OS: No, and it doesn't seem that way. I think, if anything, we may get to a stage where the government endorses X amount of number of schemes in the same way they're done with deposit protection. Say these are verified lifetime deposit schemes, for example. But the wording in this paper is clear. This is going to be a "market-led third party process". I don't see this as a priority and may well be left for a little while longer while the government works with the third parties in the sector. But it is an interesting space to watch.

The powers around rent increases are going to change under the Renters' Reform Bill. What does this mean for landlords and how are they going to be able to increase their rent should they want to?

SH: This was all very ambiguous, wasn't it? [...] There are provisions out there for dealing with rent increases, and powers that the tenant can have if unfair rent rises are coming into place. Whether those powers are actually easy to access, etc, that may be the issue. But I asked the man, "Do tribunals frequently up the amount of rent asked by a landlord?"

So if a landlord goes and wants to put up the rent by £200 a week, and the tenant takes them to the tribunal, and then the tribunal says, "Oh, not only do we think that £200, let's make it £300." I'm not aware of many cases where that actually happens. On the whole, the tribunal will look to have a fair look at the market rate. Now that's the issue. What is the market rate? I think this is where the big debate's going to be. You're not to expect landlords to rent out properties at a loss, or letting agents to encourage properties to be rented out where the landlords are not going to make money.

What are the positives in the new proposals for landlords?

OS: Arguably in this, there aren't huge positives. There's maybe a burden of cost, which then could add to the rental amount. That isn't the purpose of this bill, but I could buy an argument that says some of these measures are going to add more cost to landlords and therefore it's going to support rent increases. I think the market is doing that anyway at the moment, given the lack of stock and the surge in demand of tenants.

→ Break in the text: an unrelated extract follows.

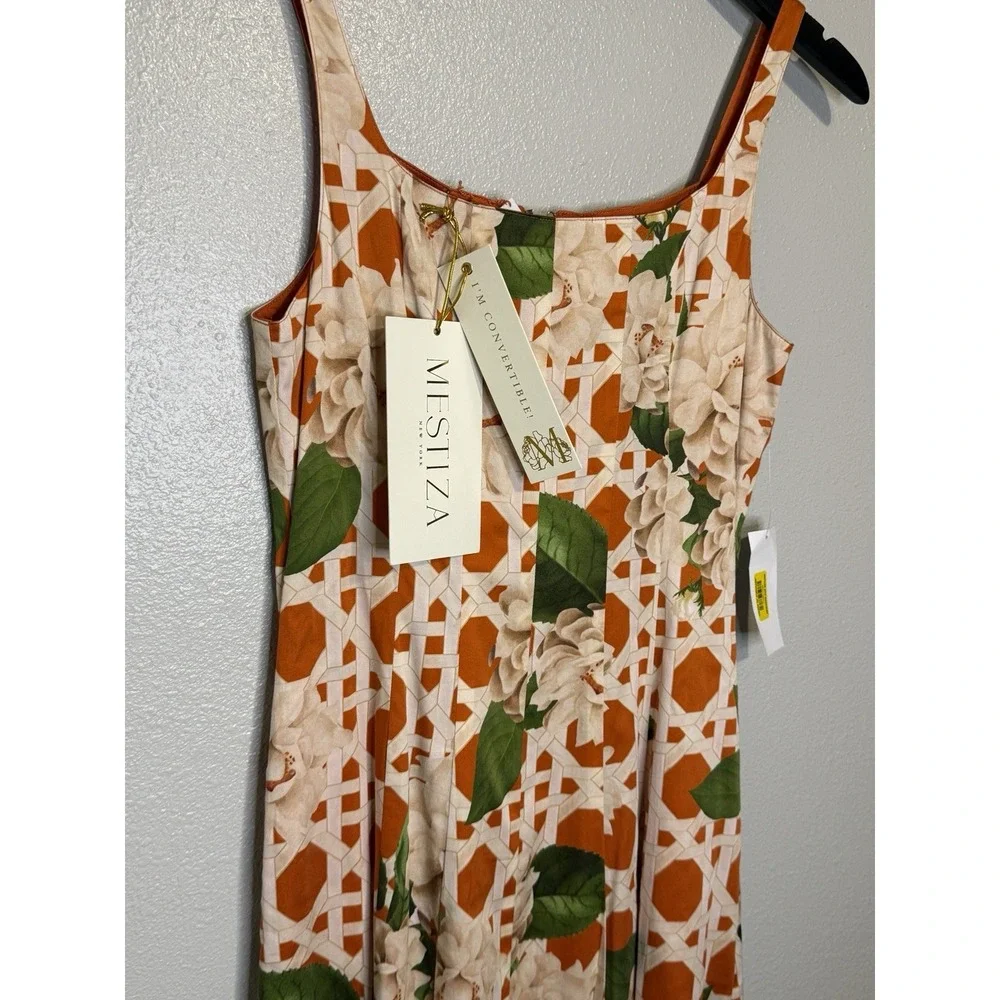 MESTIZA‎ NEW YORK YVETTE MIDI DRESS REVERSIBLE DOTTED FLORAL SUNKISSED SIZE 8 US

But ultimately, it doesn't feel like a change. You've got a yearly process of reviewing the rental amount. If the tenant doesn't like it, they can go to tribunal. They could do that anyway. It doesn't mean that section 13 is going to be used more thoroughly than it has been this far. That's really on the basis that tenants are aware they can go to tribunal in the first place as well. So I don't think this feels like a huge material change, to me anyway.

SH: I think what they might end up doing is in the model tenancy, strengthening that rent increase grounds to be more specific. They talk about unreasonable and vague tenancy terms on rent reviews. So whether say that you can have a rent review clause, but it has to reflect X or Y, which is what people were talking about, without going down the rent control route, can you have rent review clauses that are fair? That's the point. A non-prescriptive. I think what the government's tried to do is say, "Yes, we want to make sure that rents are not controlled, but are modified or moderated, but we don't want to go down rent control."

I think that's where they've got themselves caught between a rock and a hard place on the political side of it. They want to go and say to the organisations out there that we are doing something to protect tenants against the increasing percentage people are paying in rent. However, we don't want to do rent controls because we don't believe they work.

OS: It's going to be very interesting to see how they level this with the wording of the legislation. Also what the tribunal will then look at in terms of what constitutes fair increase and not fair increase and how they acknowledge market rent. If you look at how changeable market rents have been in the last couple of years, for example, the majority of the market is behind the pace actually, I would imagine, rather than ahead of the pace. It may be that it puts more emphasis on a rental increase. I know that's something that agents and landlords work closely together on, but we've got to remember that the majority of landlords live outside of that relationship.